# [TO DO]
What is needed is an exact copy of the lines from the one containing "Rally car decal" through the last line of the records below, with no pictures.

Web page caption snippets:
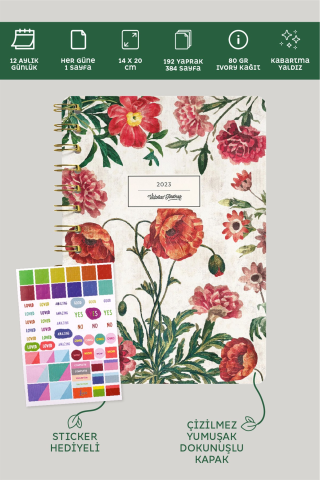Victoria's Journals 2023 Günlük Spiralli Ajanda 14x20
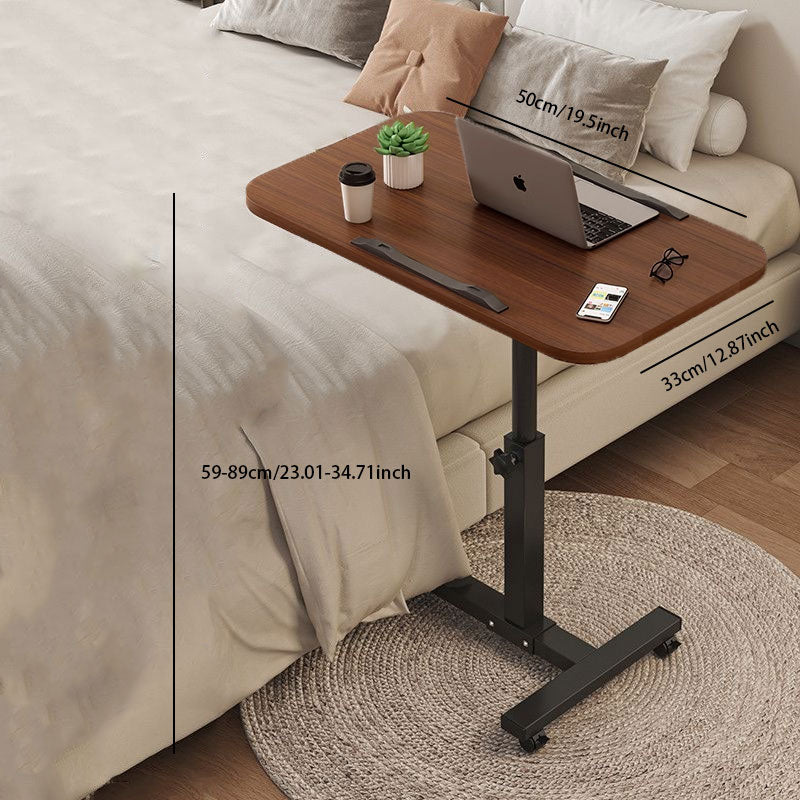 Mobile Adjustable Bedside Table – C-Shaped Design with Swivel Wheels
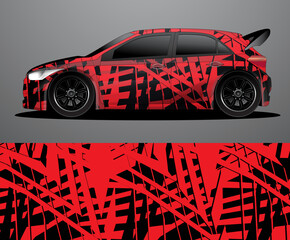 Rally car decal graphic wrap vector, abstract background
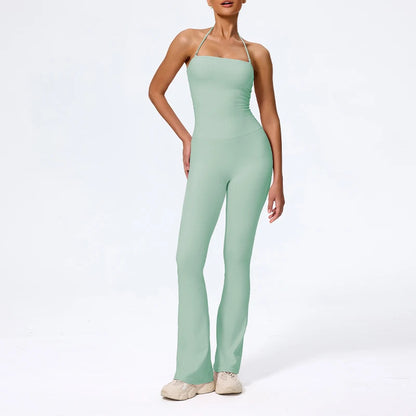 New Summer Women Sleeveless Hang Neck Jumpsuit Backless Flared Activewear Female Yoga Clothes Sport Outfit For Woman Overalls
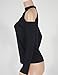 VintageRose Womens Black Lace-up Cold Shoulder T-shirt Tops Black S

# [EXERCISE RESULT]
 Rally car decal graphic wrap vector, abstract background
 New Summer Women Sleeveless Hang Neck Jumpsuit Backless Flared Activewear Female Yoga Clothes Sport Outfit For Woman Overalls
 VintageRose Womens Black Lace-up Cold Shoulder T-shirt Tops Black S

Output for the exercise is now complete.